"""
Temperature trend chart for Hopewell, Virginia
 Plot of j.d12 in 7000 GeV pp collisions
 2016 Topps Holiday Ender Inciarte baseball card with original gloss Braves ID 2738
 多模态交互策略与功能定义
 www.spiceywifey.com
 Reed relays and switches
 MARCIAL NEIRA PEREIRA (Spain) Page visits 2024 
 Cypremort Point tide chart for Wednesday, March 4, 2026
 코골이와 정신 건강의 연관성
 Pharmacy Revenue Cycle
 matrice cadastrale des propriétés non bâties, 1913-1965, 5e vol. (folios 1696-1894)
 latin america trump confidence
"""
Work request. Beginning with the line that contains "MARCIAL NEIRA PEREIRA", return every line to the end of the listing, unchanged, and nothing else.

Answer for the task.
 MARCIAL NEIRA PEREIRA (Spain) Page visits 2024 
 Cypremort Point tide chart for Wednesday, March 4, 2026
 코골이와 정신 건강의 연관성
 Pharmacy Revenue Cycle
 matrice cadastrale des propriétés non bâties, 1913-1965, 5e vol. (folios 1696-1894)
 latin america trump confidence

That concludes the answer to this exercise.